So, on the evening of our wedding day
(yep, my hair really did look that flyaway by that point in the crazy day)
when we cut the cake and raised it to one another's mouths,
I teased just a little with a twinkle in my eye and put the cake barely to the side of his mouth.
The casual observer would have noticed nothing amiss--I meant it to be an inside joke as I respected his wishes and fed him his cake tidily.
(Blogger is saying that's a word, so we're going to go with it.)

But the next thing I knew he was smashing cake all over my face and mouth,
smearing frosting all over the place.
I was shocked and delighted.
And that's pretty much how things go between the two of us.
(And by the way, we laugh all the time about how diabolical he looks in this photo...
he was enjoying that way too much.)

As another example of his stellar responding ability,
consider the following.
Shortly after we were married, I sent Sam this e-mail:

Subject: raptopeion vleae kwor leary

*psh* Agent KWB89 calling Agent SWB85, Agent KWB89 calling Agent SWB85, Urgent Message:  It's a no go on Operation Leave Work Early. :( The leader of the cohort is leaving the scene prior to the appointed time.

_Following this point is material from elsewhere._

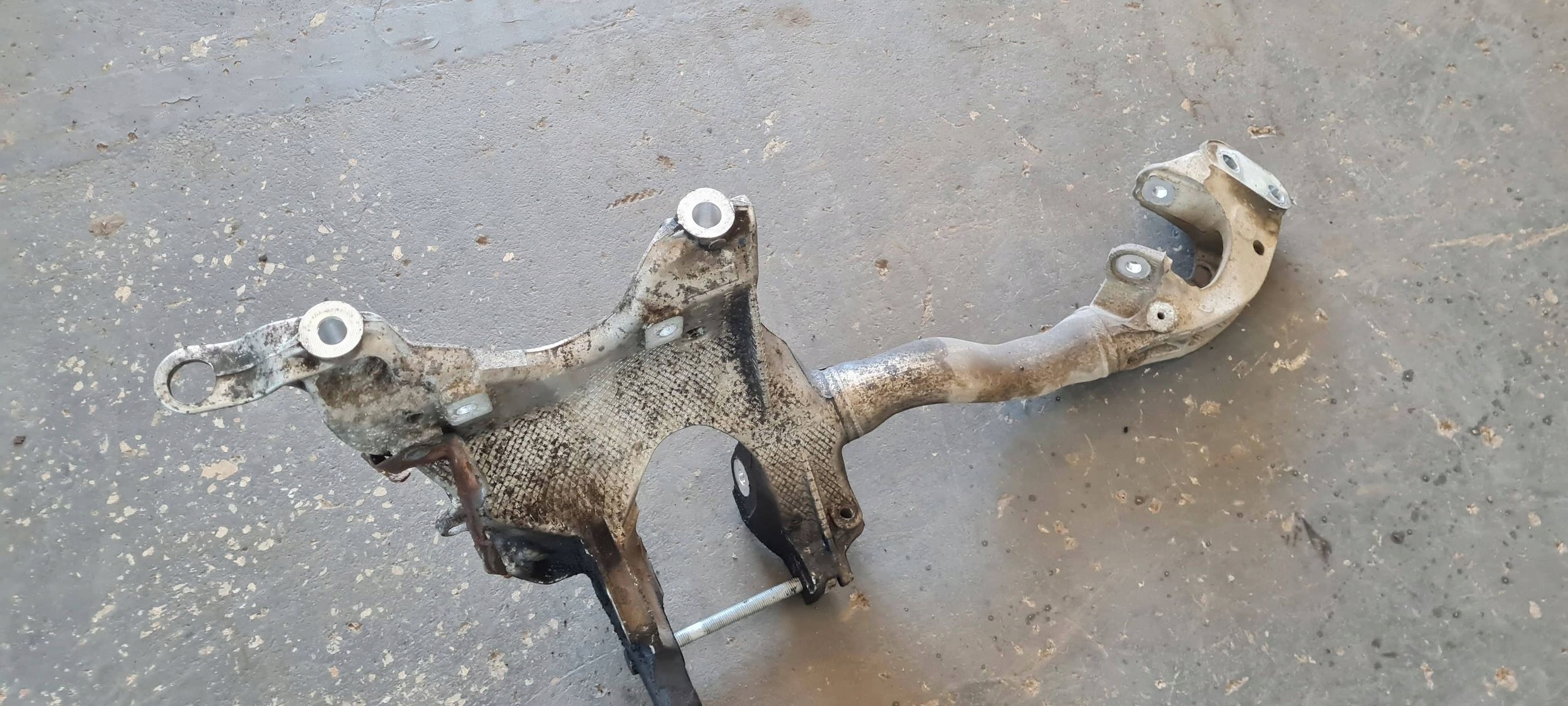 A5 8T LIFT axle beam axle beam sider subframe below engine 8K0399315G A4 B8 LIFT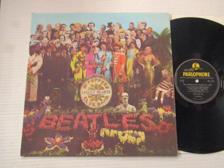 Tumnagel för auktion "The Beatles "Sgt. Pepper's Lonely Hearts Club Band""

Alternative plans listed below. *psh*

Plan 642
Leave the location of scholastic achievement after the workday concludes and immediately depart for the temple around 5:30 from the Center Street stop.

Plan 643
Stay in the realms of academia and wait until the 5:50 shuttle arrives.

Plan 644
Facilitate our legs, and walk hand in hand in pocket up to our destination.

*psh* KWB89 to SWB85, please let me know what your decision is based on your stellar sense and perception of time management. Thank you. Good luck on the demonstration of scriptural knowledge you will heretofore perform. And, uh...I LOVE YOU! This is KWB89 signing off...*psh*

Like I said, mildly funny.
Then I got the following e-mail as a response.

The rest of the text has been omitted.